Sorry to hear you've been unwell over the Christmas period and hope you are on the mend now and that 2014 will be better year for you. Thanks for the offer of a personal consultation session I may well take you up on that one







. I'll PM you later.

Regarding the cleaning of the RR55OD I simply unscrewed the top burr set and brushed both burrs clean of old stale grinds etc. I did note that the burrs must have been replaced at some point since they are straight cut not curved









At the moment I've still got the hopper attached so I just dumped about (guess) 80g of beans in there.. just enough to fill the throat and have about an inch of beans visible in the hopper. I will be ordering a camera hood from eBay to replace the hopper later.

I just tried grinding coarser and (as expected) it did grind much faster but of course the shot then just poured out like a dirty brown waterfall. Someone has already removed the plastic gubbins in the funnel and the flap on mine is a green plastic tab not metal. I wonder if this is why I'm suffering from the grinds just sticking to the funnel sides rather than sliding straight out (static?). I think I'll try cutting up a Pepsi can and making my own extended flap.
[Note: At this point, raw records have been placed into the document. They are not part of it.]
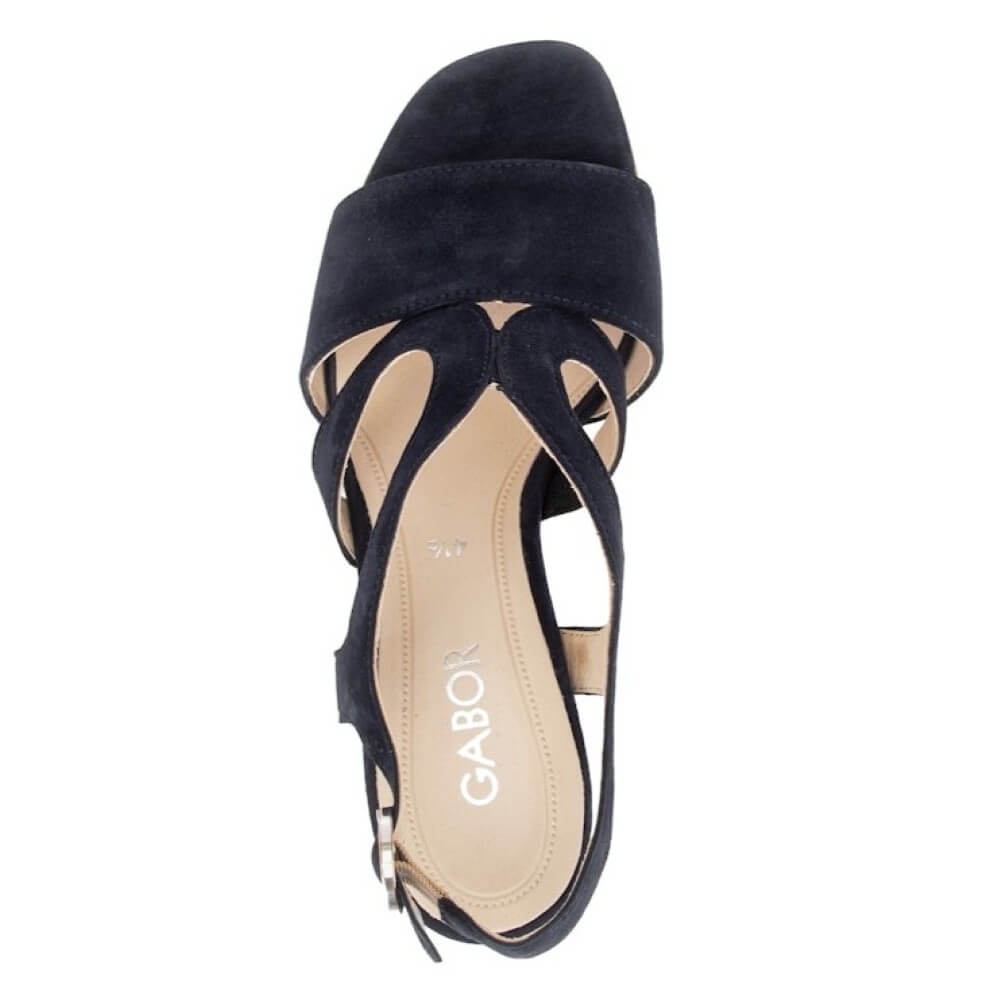Gabor Navy blue sandal with a block heel on a white background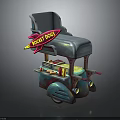 Rocket Dogs Hot Dogs Food Cart With Buns Ketchup Mustard And Toppings
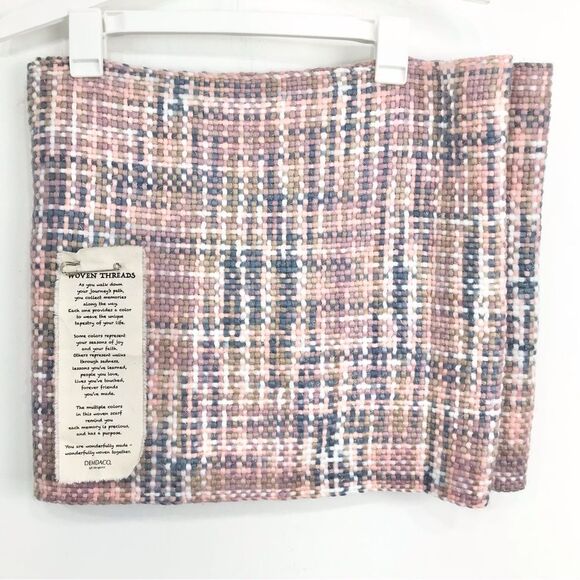 Demdaco Pink Blue Gold Metallic Soft Woven Yarn Infinite Scarf NWOT - Picture 1 of 16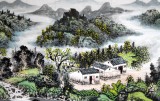 【已售】宁良成四尺山水画《依山傍水好人家》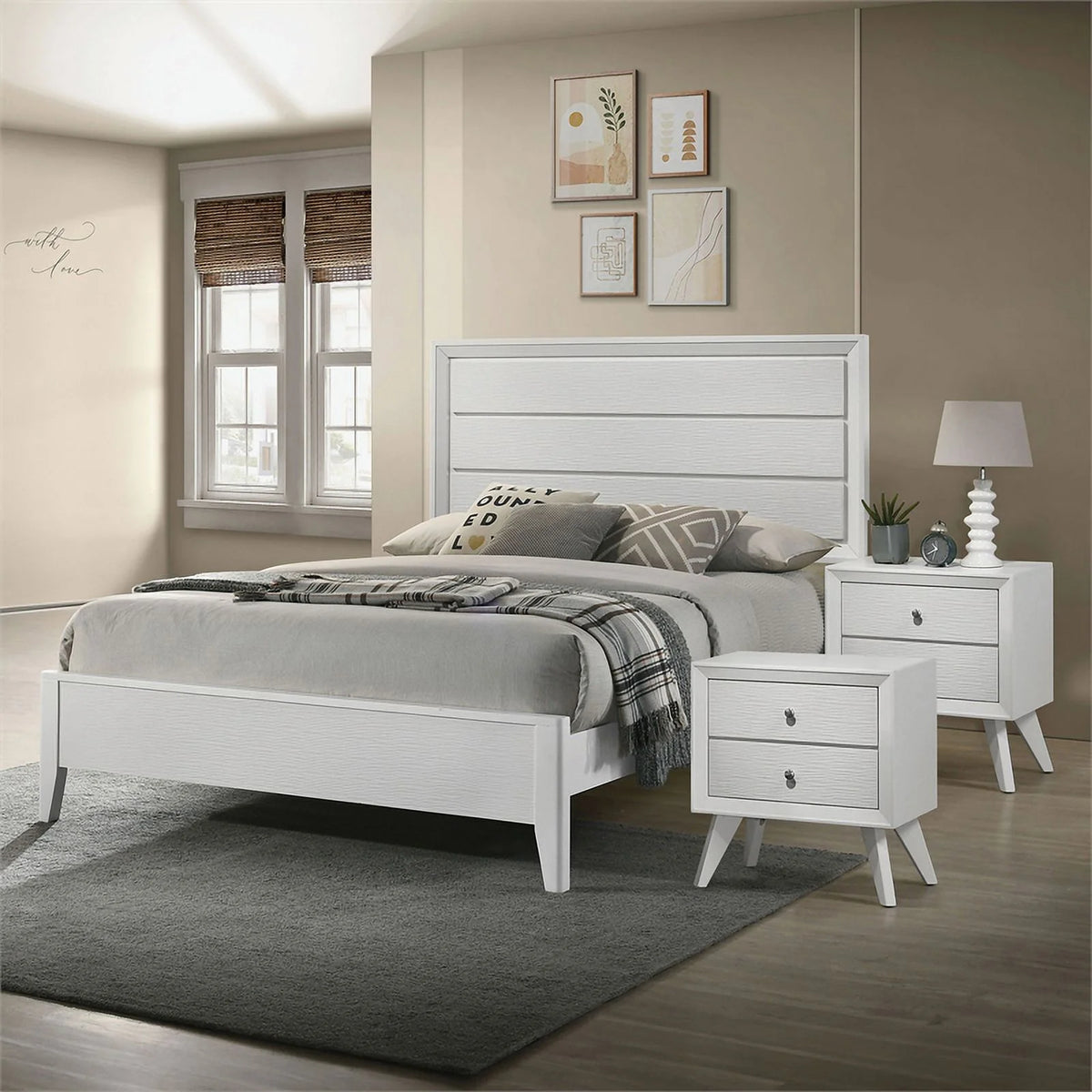 White Wood 3pc Bedroom Set Cal King with 2 Nightstands T700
I read on another thread that you said the minimum order is £60 + vat + postage. If worst came to worst I'd probably be prepared to order 3 or 4 sets to meet the minimum order value and hold them as stock. Given their rarity I'm sure they'd sell on eBay or even here on the forum in the future







Is your suppliers domestic postage rate any cheaper? I only ask as I will probably be going to Italy (Soriano nel Cimino) for a holiday soon and could bring them back in with me.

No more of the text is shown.